The TLS Handshake (In Plain English)
When your browser connects to a secure site, a brief but important negotiation happens before any data is exchanged. This is the TLS handshake.
Think of it as two strangers agreeing on a secret language before having a private conversation in a public place:
Browser Server
│ │
│──── "Hello, I support TLS 1.3" ─────────►│
│ │
│◄─── Certificate + Public Key ────────────│
│ │
│ (Browser verifies certificate — │
│ see Session 3 for how) │
│ │
│──── Encrypted session key ──────────────►│
│ (using server's public key) │
│ │
│◄══════ All data now encrypted ═══════════►│
│ (using shared session key) │
- Your browser says hello — “I want a secure connection. Here are the encryption methods I support.”
- The server says hello back — “Great. Here is my certificate, proving who I am. Here is my public key.”
- Your browser verifies the certificate — “Let me check that this certificate is legitimate.” (We cover how in Session 3.)
- They agree on a session key — Using asymmetric encryption, they securely exchange a temporary symmetric key that will be used for the rest of the conversation. Asymmetric encryption to share a symmetric key — this solves the key distribution problem elegantly.
- Everything after this is encrypted — All data flows encrypted with the session key. The handshake is complete.
The whole handshake takes milliseconds. You never see it. But every time you connect to a secure site, this happens.
The current standard is TLS 1.3, which is faster and more secure than its predecessors. One improvement: in TLS 1.3, the handshake takes one fewer round trip (message exchange) than TLS 1.2, making connections faster. This matters at scale — Google and Cloudflare were key contributors to the TLS 1.3 specification.
Putting It Together
Encryption does not exist to hide things from governments or to enable criminals. It exists because the internet is a public infrastructure — packets travel through routers you do not own, networks you do not control, and infrastructure operated by strangers. Without encryption, every sensitive thing you do online — bank transfers, messages, health queries, logins — would be readable by anyone with the right position in the network.
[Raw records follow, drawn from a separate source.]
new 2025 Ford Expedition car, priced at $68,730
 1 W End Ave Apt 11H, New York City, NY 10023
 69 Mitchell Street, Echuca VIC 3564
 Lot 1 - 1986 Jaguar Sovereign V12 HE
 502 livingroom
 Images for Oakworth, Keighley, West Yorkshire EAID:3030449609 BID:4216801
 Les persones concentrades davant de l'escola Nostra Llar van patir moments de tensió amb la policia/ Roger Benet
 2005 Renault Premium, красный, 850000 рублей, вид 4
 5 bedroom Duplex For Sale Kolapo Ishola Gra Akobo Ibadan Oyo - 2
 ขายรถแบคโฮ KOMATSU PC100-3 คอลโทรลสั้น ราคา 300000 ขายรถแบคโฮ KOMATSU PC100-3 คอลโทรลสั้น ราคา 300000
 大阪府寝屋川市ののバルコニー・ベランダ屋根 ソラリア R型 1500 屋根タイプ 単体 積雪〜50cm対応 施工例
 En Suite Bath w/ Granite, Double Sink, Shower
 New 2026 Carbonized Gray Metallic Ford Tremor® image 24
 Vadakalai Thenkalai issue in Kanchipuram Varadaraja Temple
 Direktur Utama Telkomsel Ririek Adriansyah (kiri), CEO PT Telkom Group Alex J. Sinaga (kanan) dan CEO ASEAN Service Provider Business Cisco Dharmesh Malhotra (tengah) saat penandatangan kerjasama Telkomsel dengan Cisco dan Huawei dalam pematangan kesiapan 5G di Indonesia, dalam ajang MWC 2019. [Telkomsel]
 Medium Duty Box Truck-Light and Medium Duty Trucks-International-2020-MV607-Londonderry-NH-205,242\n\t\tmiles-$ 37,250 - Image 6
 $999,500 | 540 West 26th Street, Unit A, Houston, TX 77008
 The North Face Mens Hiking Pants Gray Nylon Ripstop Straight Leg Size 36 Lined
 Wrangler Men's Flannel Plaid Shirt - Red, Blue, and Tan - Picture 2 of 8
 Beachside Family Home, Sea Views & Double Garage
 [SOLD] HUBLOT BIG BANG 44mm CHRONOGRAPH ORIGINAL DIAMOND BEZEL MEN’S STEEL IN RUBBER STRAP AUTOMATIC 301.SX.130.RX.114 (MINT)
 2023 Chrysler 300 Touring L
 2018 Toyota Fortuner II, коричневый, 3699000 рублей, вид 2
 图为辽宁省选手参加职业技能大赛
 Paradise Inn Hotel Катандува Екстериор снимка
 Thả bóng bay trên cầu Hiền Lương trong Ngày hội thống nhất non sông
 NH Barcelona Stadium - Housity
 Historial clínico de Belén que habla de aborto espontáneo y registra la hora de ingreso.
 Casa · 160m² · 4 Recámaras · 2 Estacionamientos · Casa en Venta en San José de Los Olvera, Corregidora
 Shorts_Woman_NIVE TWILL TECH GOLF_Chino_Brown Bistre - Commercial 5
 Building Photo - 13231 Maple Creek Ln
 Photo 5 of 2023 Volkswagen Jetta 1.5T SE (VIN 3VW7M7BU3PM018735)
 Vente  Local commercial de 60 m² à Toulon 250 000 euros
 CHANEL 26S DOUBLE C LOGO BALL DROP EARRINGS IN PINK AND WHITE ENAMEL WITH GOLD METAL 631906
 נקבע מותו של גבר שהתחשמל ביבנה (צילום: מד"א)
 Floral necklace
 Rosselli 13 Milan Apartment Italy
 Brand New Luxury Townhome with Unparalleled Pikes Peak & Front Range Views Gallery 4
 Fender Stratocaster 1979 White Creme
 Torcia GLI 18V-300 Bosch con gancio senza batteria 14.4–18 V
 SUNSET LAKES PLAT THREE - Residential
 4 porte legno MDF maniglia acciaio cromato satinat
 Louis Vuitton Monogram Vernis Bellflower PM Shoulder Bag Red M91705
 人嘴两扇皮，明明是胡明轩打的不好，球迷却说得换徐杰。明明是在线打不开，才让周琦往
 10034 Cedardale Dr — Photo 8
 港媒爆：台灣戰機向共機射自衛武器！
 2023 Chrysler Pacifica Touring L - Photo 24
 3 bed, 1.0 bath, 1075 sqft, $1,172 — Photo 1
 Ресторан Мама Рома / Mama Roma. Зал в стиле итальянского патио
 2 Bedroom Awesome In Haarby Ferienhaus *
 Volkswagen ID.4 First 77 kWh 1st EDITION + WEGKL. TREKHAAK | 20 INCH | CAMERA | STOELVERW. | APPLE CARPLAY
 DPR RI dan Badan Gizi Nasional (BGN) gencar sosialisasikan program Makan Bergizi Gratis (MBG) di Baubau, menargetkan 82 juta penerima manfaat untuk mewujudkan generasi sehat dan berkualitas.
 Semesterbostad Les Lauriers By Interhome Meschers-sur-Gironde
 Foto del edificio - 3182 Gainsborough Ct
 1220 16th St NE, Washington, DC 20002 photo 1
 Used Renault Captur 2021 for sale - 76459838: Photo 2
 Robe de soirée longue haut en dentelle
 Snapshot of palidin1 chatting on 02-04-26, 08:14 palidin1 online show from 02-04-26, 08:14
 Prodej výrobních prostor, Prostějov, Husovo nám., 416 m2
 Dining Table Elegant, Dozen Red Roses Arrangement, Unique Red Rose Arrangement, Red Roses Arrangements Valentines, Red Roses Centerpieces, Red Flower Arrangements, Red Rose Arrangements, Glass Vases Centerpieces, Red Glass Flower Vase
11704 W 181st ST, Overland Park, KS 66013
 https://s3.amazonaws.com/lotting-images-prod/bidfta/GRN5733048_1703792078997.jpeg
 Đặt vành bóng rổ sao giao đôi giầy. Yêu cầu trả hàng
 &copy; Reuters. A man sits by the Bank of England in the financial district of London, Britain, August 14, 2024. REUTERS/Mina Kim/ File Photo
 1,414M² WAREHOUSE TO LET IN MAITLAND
The café Wi-Fi story from the opening: with HTTP, every router on the path can read Deepa’s credentials. With HTTPS and TLS, they see only ciphertext. The physical path is the same. The privacy is completely different.
HTTPS = HTTP + TLS encryption. The padlock in your browser means your connection to the server is encrypted and the server’s identity has been verified. It protects your credentials, your session cookies, and every piece of data you send or receive. Session 3 explains the identity verification part — how your browser knows it is talking to the real server, not an impostor.